Evidence suggests that UC-MSCs display strong resilience to genomic instability across multiple passages. Blázquez-Prunera et al.94, demonstrated that UC-MSCs retained a normal diploid karyotype up to P8 under xeno-free conditions. Similarly, other studies reported normal chromosomal numbers and absence of malignant transformation even at very late passages (≥P15)62,95. Comparative analyses also indicate that UC-MSCs are more genomically stable than BM-MSCs, in which donor age and extended culture more readily induce aneuploidy96. Collectively, these findings highlight that UC-MSCs maintain genomic integrity across early and middle passages, and in many cases beyond, reinforcing their suitability for clinical expansion. Nonetheless, systematic monitoring of karyotype and genome-wide alterations remains essential, particularly when scaling production for therapeutic use.

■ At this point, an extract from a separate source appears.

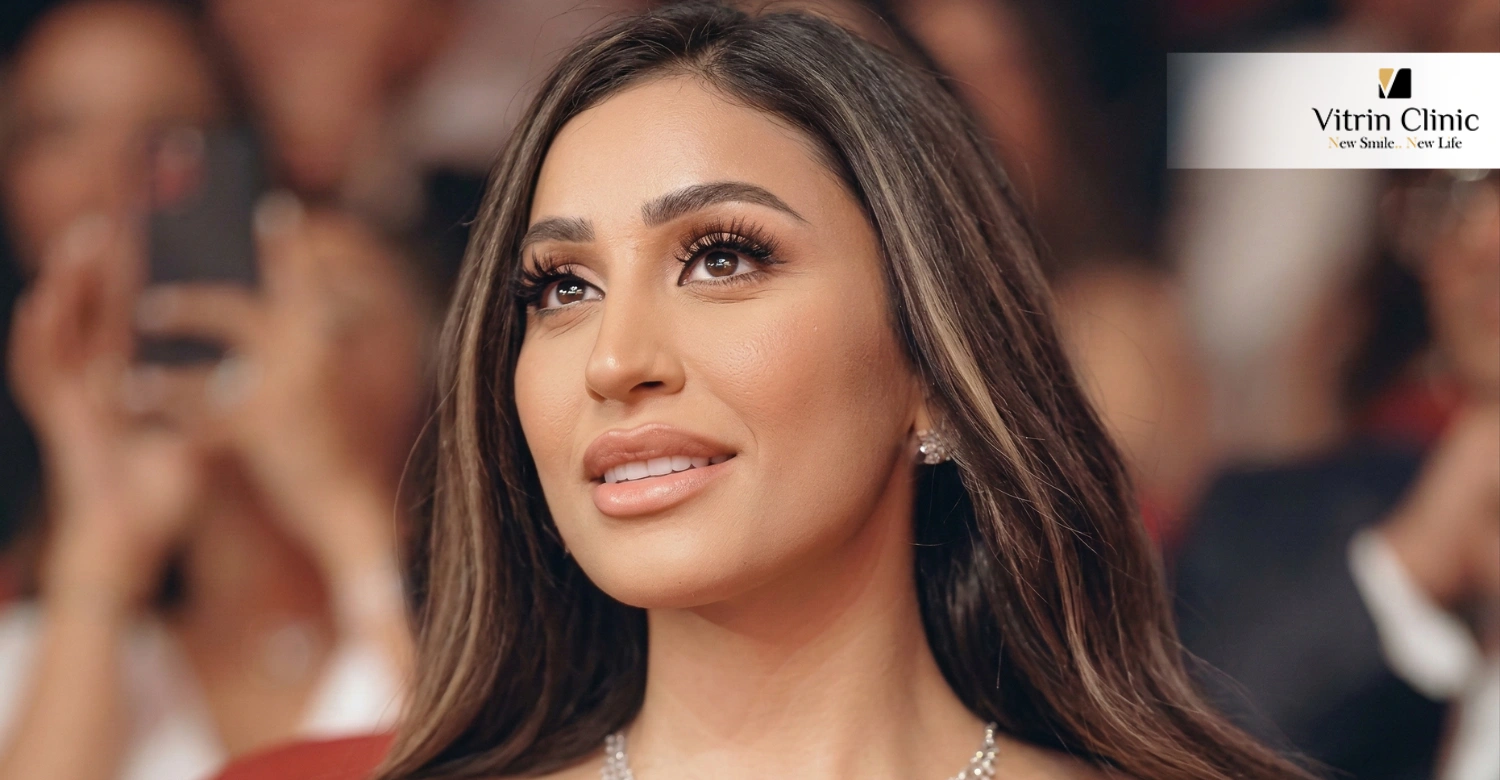 سر ابتسامة دينا الشربيني الساحرة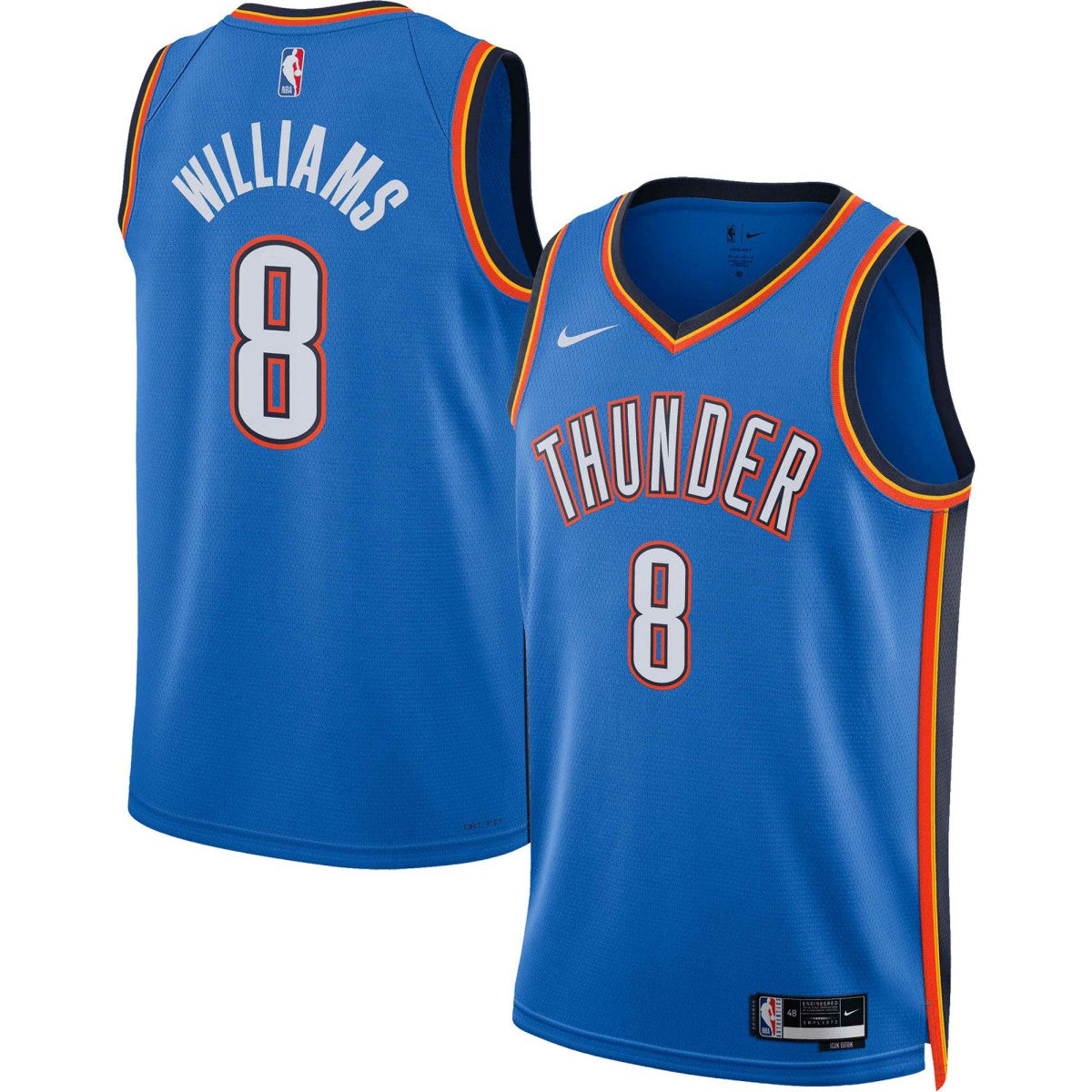 Jalen Williams Oklahoma City Thunder Unisex Swingman Jersey - Icon Edition - Blue shop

Passage-dependent differentiation capacity
The differentiation capacity of UC-MSCs underpins their therapeutic efficacy, as this capacity represents the MSCs stemness that correlates to the paracrine signaling mechanisms in tissue regeneration97. Passage number directly influences this capacity by modulating stemness, mitochondrial function, and membrane properties.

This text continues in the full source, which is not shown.